Le pari fou séduit une soixantaine d’investisseurs privés qui réunissent un million d’euros ! En pleine expansion, la société remporte le titre de « projet agricole innovant » au concours national France Agrimer en novembre 2015. L’engouement est tel qu’une centaine de producteurs sont inscrits sur liste d’attente pour accéder à la licence ! Il faut dire que la demande est réelle, et les tarifs attractifs : les restaurateurs n’hésitent pas à dépenser une centaine d’euros pour un kilo de morilles françaises de qualité, avec une traçabilité garantie.
Jonathan Cabodi et Rémy Barraud ont signé avec France Morilles en 2014. A priori, rien ne prédestinait ces deux amis d’enfance à cultiver des morilles en Savoie (Coise-Saint-Jean-Pied-Gauthier). « Nous sommes cuisinier et électrotechnicien de formation, et nous ne sommes pas du tout issus du milieu agricole. Depuis longtemps, nous essayons de monter une affaire ensemble. Nous avons d’abord pensé à commercialiser des serviettes de plage, puis nous avons préféré vendre un produit d’exception. C’est ainsi qu’on s’est investi dans la culture du safran », raconte Remy Barraud.
Sur un terrain familial de 3000 m2, ils plantent pas moins de 20 000 bulbes. La troisième année, ils arrivent à récolter presqu’un kilo de safran… aux dépens de leurs vies personnelles ! « Nous n’avions pas le temps de produire et de démarcher des clients. En plus, nous avions conservé nos activités professionnelles. Il a donc fallu tout arrêter. »
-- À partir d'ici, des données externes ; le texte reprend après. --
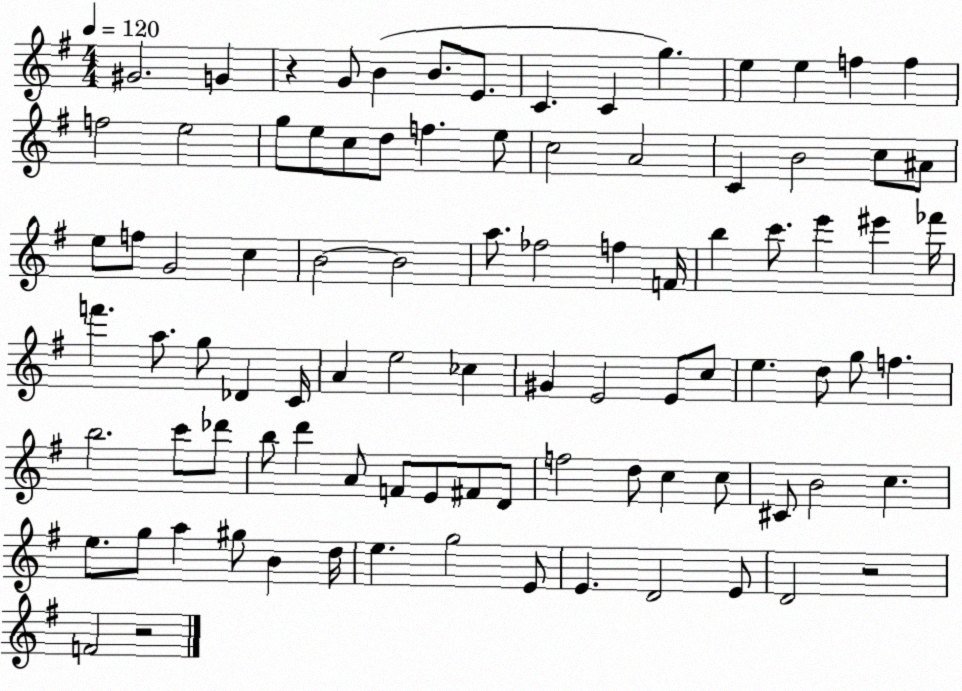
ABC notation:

X:1
T:Untitled
M:4/4
L:1/4
K:G
^G2 G z G/2 B B/2 E/2 C C g e e f f f2 e2 g/2 e/2 c/2 d/2 f e/2 c2 A2 C B2 c/2 ^A/2 e/2 f/2 G2 c B2 B2 a/2 _f2 f F/4 b c'/2 e' ^e' _f'/4 f' a/2 g/2 _D C/4 A e2 _c ^G E2 E/2 c/2 e d/2 g/2 f b2 c'/2 _d'/2 b/2 d' A/2 F/2 E/2 ^F/2 D/2 f2 d/2 c c/2 ^C/2 B2 c e/2 g/2 a ^g/2 B d/4 e g2 E/2 E D2 E/2 D2 z2 F2 z2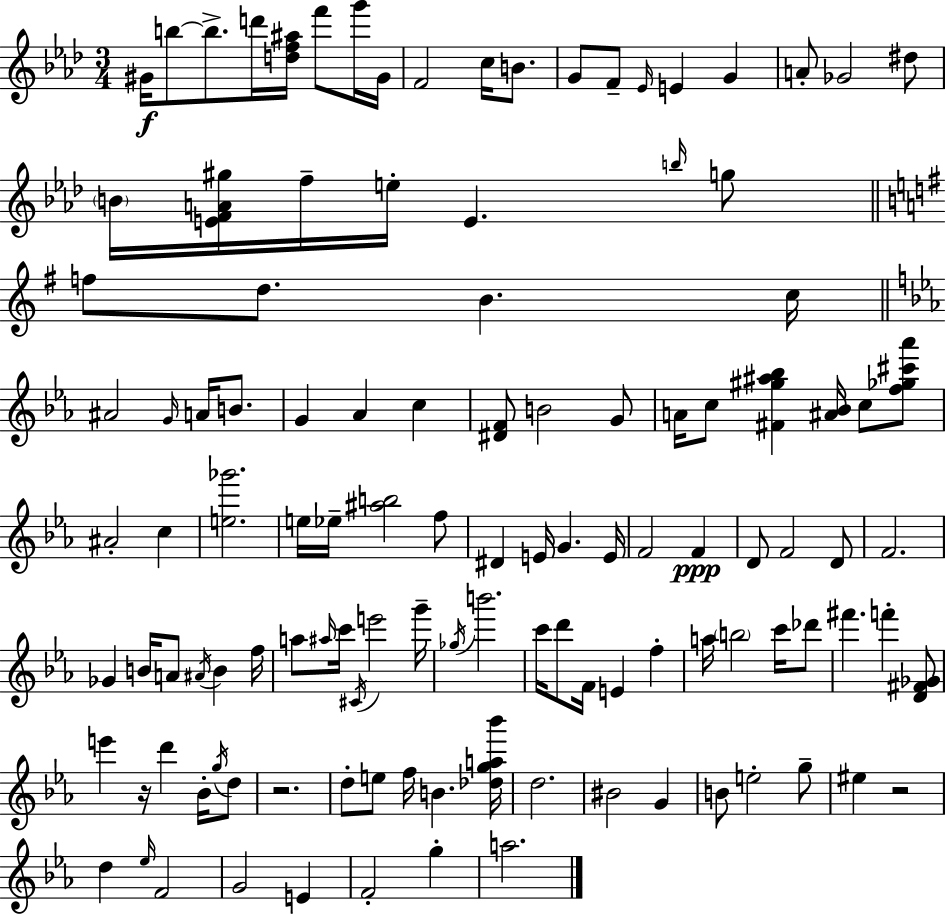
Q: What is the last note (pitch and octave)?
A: A5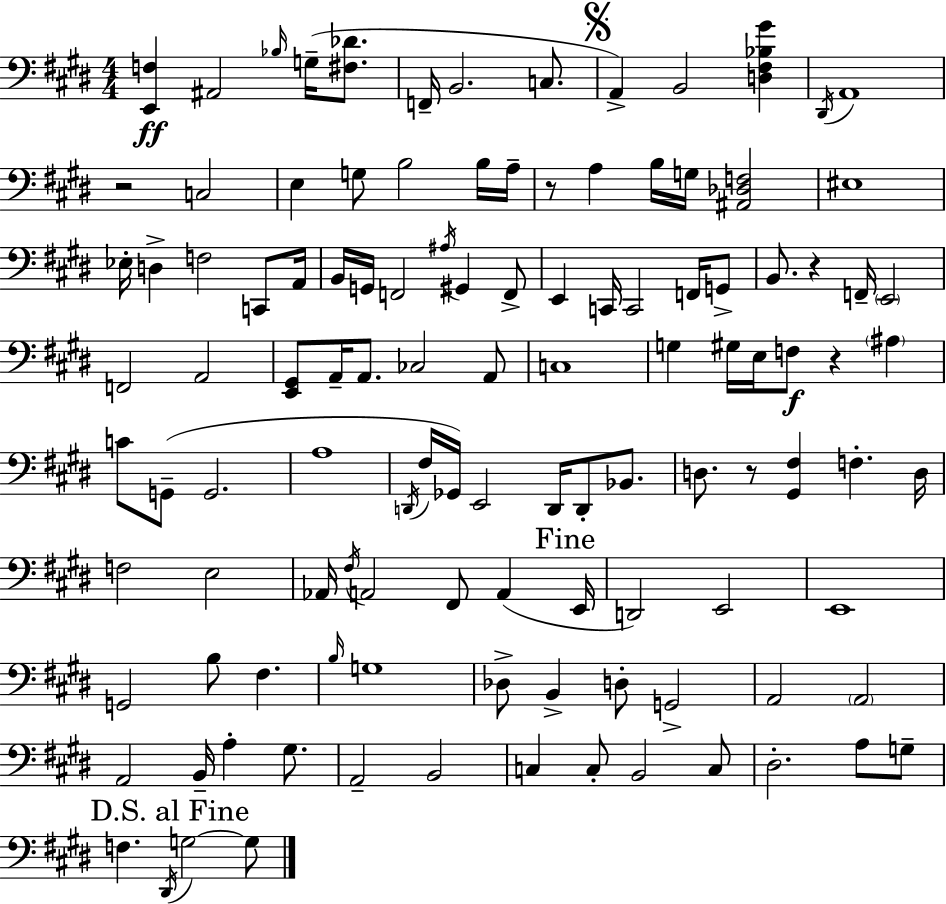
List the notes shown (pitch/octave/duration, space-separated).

[E2,F3]/q A#2/h Bb3/s G3/s [F#3,Db4]/e. F2/s B2/h. C3/e. A2/q B2/h [D3,F#3,Bb3,G#4]/q D#2/s A2/w R/h C3/h E3/q G3/e B3/h B3/s A3/s R/e A3/q B3/s G3/s [A#2,Db3,F3]/h EIS3/w Eb3/s D3/q F3/h C2/e A2/s B2/s G2/s F2/h A#3/s G#2/q F2/e E2/q C2/s C2/h F2/s G2/e B2/e. R/q F2/s E2/h F2/h A2/h [E2,G#2]/e A2/s A2/e. CES3/h A2/e C3/w G3/q G#3/s E3/s F3/e R/q A#3/q C4/e G2/e G2/h. A3/w D2/s F#3/s Gb2/s E2/h D2/s D2/e Bb2/e. D3/e. R/e [G#2,F#3]/q F3/q. D3/s F3/h E3/h Ab2/s F#3/s A2/h F#2/e A2/q E2/s D2/h E2/h E2/w G2/h B3/e F#3/q. B3/s G3/w Db3/e B2/q D3/e G2/h A2/h A2/h A2/h B2/s A3/q G#3/e. A2/h B2/h C3/q C3/e B2/h C3/e D#3/h. A3/e G3/e F3/q. D#2/s G3/h G3/e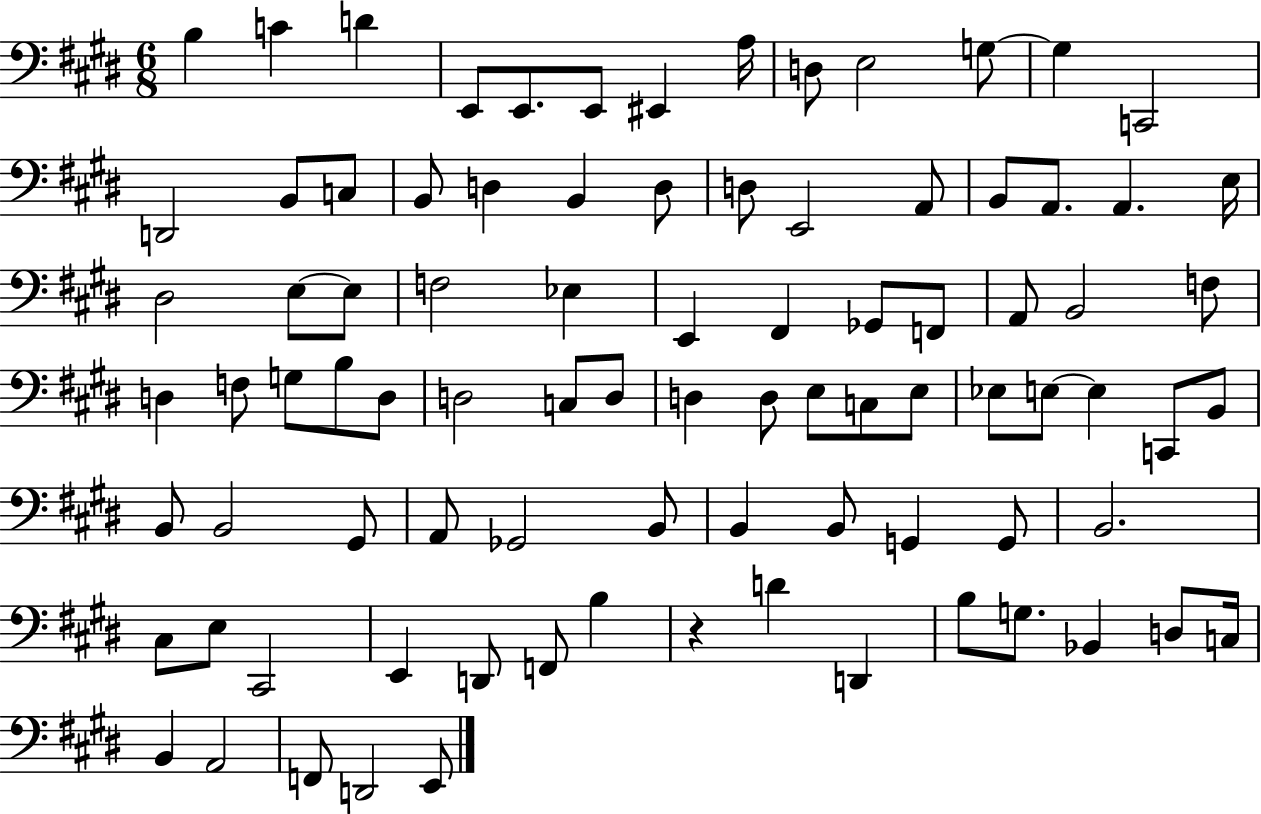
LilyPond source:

{
  \clef bass
  \numericTimeSignature
  \time 6/8
  \key e \major
  \repeat volta 2 { b4 c'4 d'4 | e,8 e,8. e,8 eis,4 a16 | d8 e2 g8~~ | g4 c,2 | \break d,2 b,8 c8 | b,8 d4 b,4 d8 | d8 e,2 a,8 | b,8 a,8. a,4. e16 | \break dis2 e8~~ e8 | f2 ees4 | e,4 fis,4 ges,8 f,8 | a,8 b,2 f8 | \break d4 f8 g8 b8 d8 | d2 c8 d8 | d4 d8 e8 c8 e8 | ees8 e8~~ e4 c,8 b,8 | \break b,8 b,2 gis,8 | a,8 ges,2 b,8 | b,4 b,8 g,4 g,8 | b,2. | \break cis8 e8 cis,2 | e,4 d,8 f,8 b4 | r4 d'4 d,4 | b8 g8. bes,4 d8 c16 | \break b,4 a,2 | f,8 d,2 e,8 | } \bar "|."
}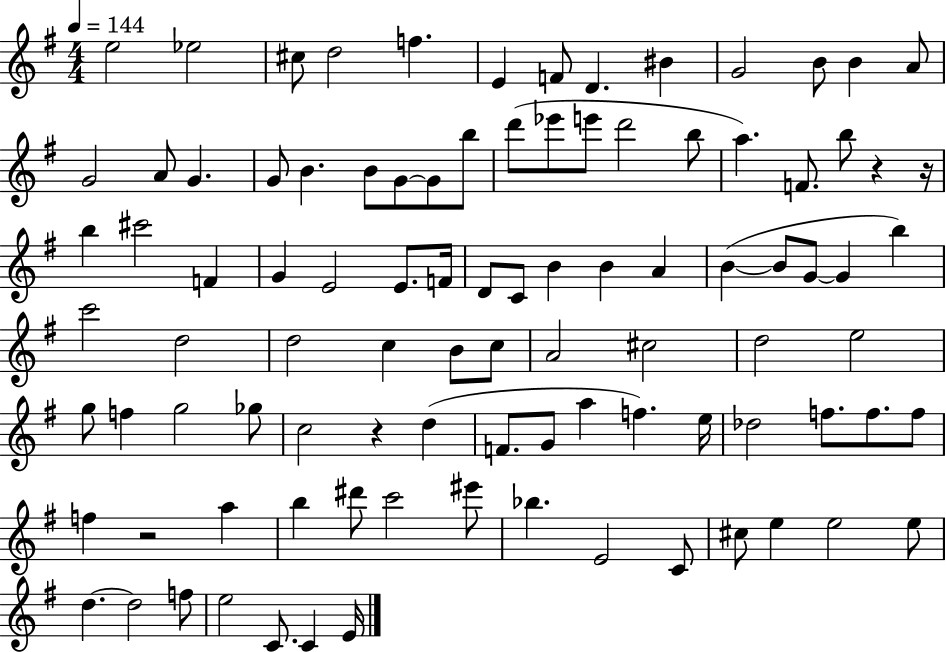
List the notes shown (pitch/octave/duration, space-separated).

E5/h Eb5/h C#5/e D5/h F5/q. E4/q F4/e D4/q. BIS4/q G4/h B4/e B4/q A4/e G4/h A4/e G4/q. G4/e B4/q. B4/e G4/e G4/e B5/e D6/e Eb6/e E6/e D6/h B5/e A5/q. F4/e. B5/e R/q R/s B5/q C#6/h F4/q G4/q E4/h E4/e. F4/s D4/e C4/e B4/q B4/q A4/q B4/q B4/e G4/e G4/q B5/q C6/h D5/h D5/h C5/q B4/e C5/e A4/h C#5/h D5/h E5/h G5/e F5/q G5/h Gb5/e C5/h R/q D5/q F4/e. G4/e A5/q F5/q. E5/s Db5/h F5/e. F5/e. F5/e F5/q R/h A5/q B5/q D#6/e C6/h EIS6/e Bb5/q. E4/h C4/e C#5/e E5/q E5/h E5/e D5/q. D5/h F5/e E5/h C4/e. C4/q E4/s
En 2013, ils découvrent dans le Dauphiné Libéré le portrait d’un licencié France Morilles en Haute-Savoie. « Cela nous a fortement intéressés : c’était une activité innovante, proche de la nature et qui pouvait représenter pour nous une réelle opportunité. Mais surtout, nous adorons les morilles ! Personnellement, je n’aurais jamais pu cultiver un produit que je n’aimais pas », estime Rémy Barraud.
A ce moment-là, le jeune homme découvre que sa famille possède un bois qui conviendrait parfaitement à cette culture. « Nous cherchions désespérément notre terrain jusqu’à ce que mon père se souvienne de cette parcelle qui appartenait à la famille depuis des générations. Ce bois de chênes, bouleaux et noisetiers est un vrai coin à morilles, avec un PH idéal proche de 7. Quand j’y repense, je me dis que c’est complétement fou ! C’est comme un signe du destin, comme si mon arrière-grand père avait tout prévu pour notre activité ! », s’étonne encore Rémy Barraud.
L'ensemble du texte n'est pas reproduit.